Entries supplied ::
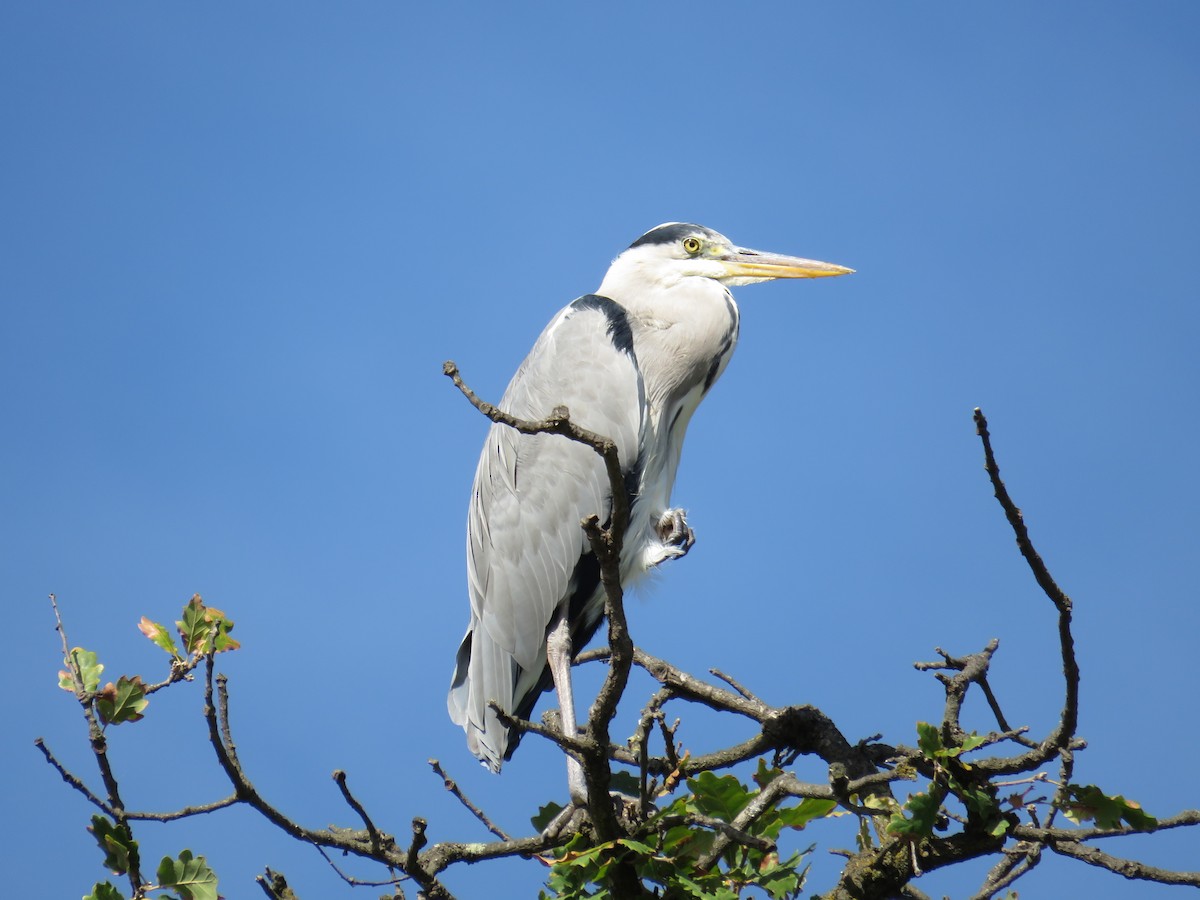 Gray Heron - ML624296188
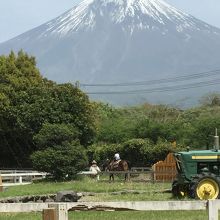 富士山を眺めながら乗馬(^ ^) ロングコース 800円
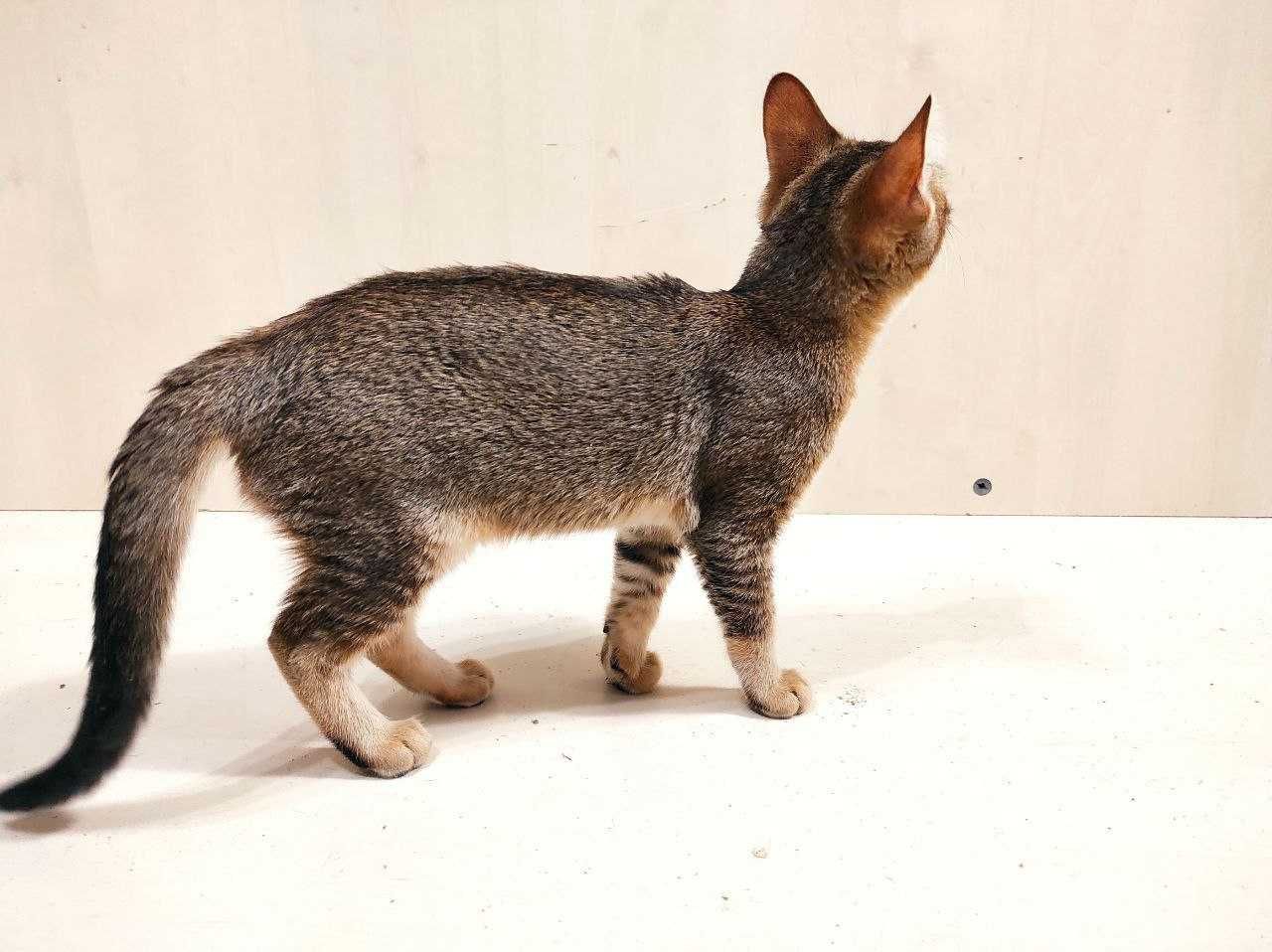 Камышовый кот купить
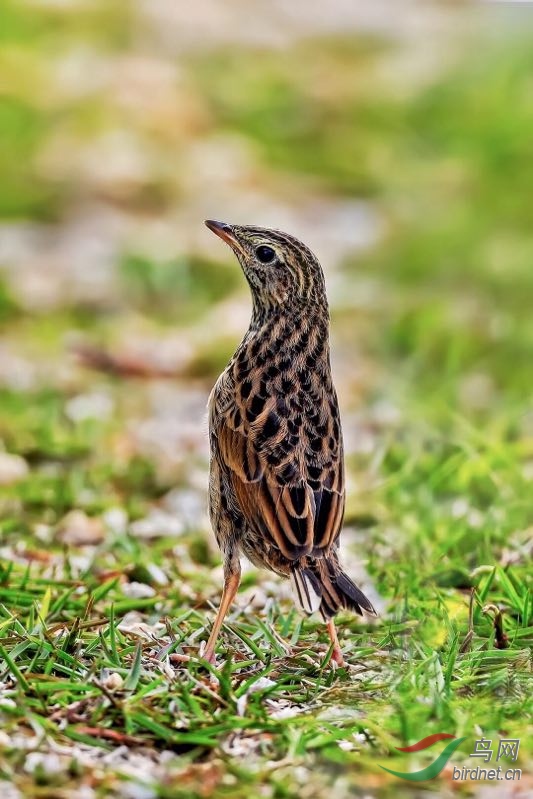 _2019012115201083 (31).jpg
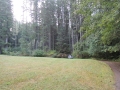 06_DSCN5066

Work required :: Retype, word for word, the lines from the one with "富士山を眺めながら乗馬(^ ^) ロングコース 800円" through the last line of the entries above, and only those lines. Leave pictures out.

Reply ::
 富士山を眺めながら乗馬(^ ^) ロングコース 800円
 Камышовый кот купить
 _2019012115201083 (31).jpg
 06_DSCN5066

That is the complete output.